Here's the formula I want to use, and the issue with the following example. When I define this formula, the train_data object does not yet exist.
my_formula <- Trt~W+X
exists("train_data")
# [1] FALSE
exists("train_data", envir = environment(my_formula))
# [1] FALSE
Here's my function, which is similar to the original function.

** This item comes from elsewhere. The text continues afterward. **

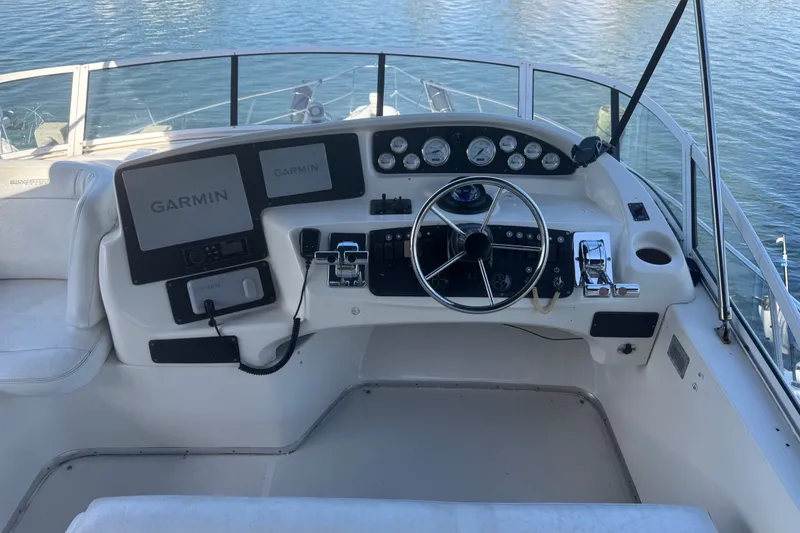 Slide: The Image of Cockpit of 2002 Silverton 410 Sport Bridge with Garmin navigation system. - 14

Again,
badFunc <- function(data, my_formula){
train_data <- data[1:100,]
ct_train <- rpart::rpart(
data= train_data,
formula = my_formula,
method = "class")
ct_party <- partykit::as.party(ct_train)
}
Trying to run this function throws an error similar to OP's.
library(rpart)
library(partykit)
bad_out <- badFunc(data=data, my_formula = my_formula)

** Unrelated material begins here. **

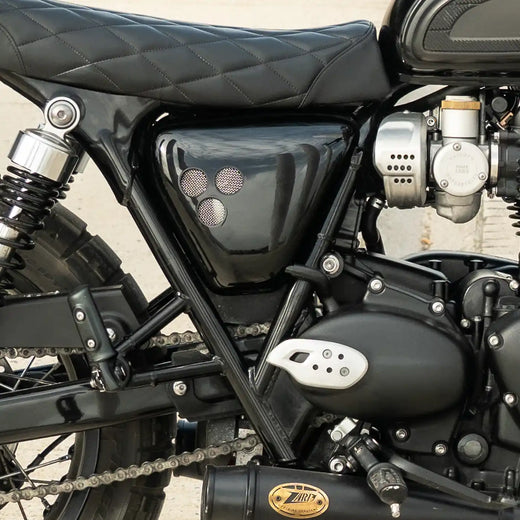 Glossy black side panels installed on a Triumph Bonneville T120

# Error in is.data.frame(data) : object 'train_data' not found
# 10. is.data.frame(data)
# 9. model.frame.default(formula = Trt ~ W + X, data = train_data,
# na.action = function (x) {Terms <- attr(x, "terms") ...
# 8. stats::model.frame(formula = Trt ~ W + X, data = train_data,
# na.action = function (x) {Terms <- attr(x, "terms") ...
# 7. eval(expr, envir, enclos)
# 6. eval(mf, env)
# 5. model.frame.rpart(obj)
# 4. model.frame(obj)
# 3. as.party.rpart(ct_train)
# 2. partykit::as.party(ct_train)
# 1. badFunc(data = data, my_formula = my_formula)
print(bad_out)
# Error in print(bad_out) : object 'bad_out' not found
Luckily, rpart() is like coxph() in that you can specify the argument model=TRUE to solve these issues. Here it is again, with that extra argument.
goodFunc <- function(data, my_formula){
train_data <- data[1:100,]
ct_train <- rpart::rpart(
data= train_data,
## This solved it for me
model=TRUE,
##
formula = my_formula,
method = "class")
ct_party <- partykit::as.party(ct_train)
}
good_out <- goodFunc(data=data, my_formula = my_formula)
print(good_out)
# Model formula:
# Trt ~ W + X
#
# Fitted party:
# [1] root
# | [2] X >= 1.59791: 0.143 (n = 7, err = 0.9)
##### etc
documentation for model argument in rpart():
model:
if logical: keep a copy of the model frame in the result? If
the input value for model is a model frame (likely from an earlier
call to the rpart function), then this frame is used rather than
constructing new data.
Formulas can be tricky as they use lexical scoping and environments in a way that is not always natural (to me). Thank goodness Terry Therneau has made our lives easier with model=TRUE in these two packages!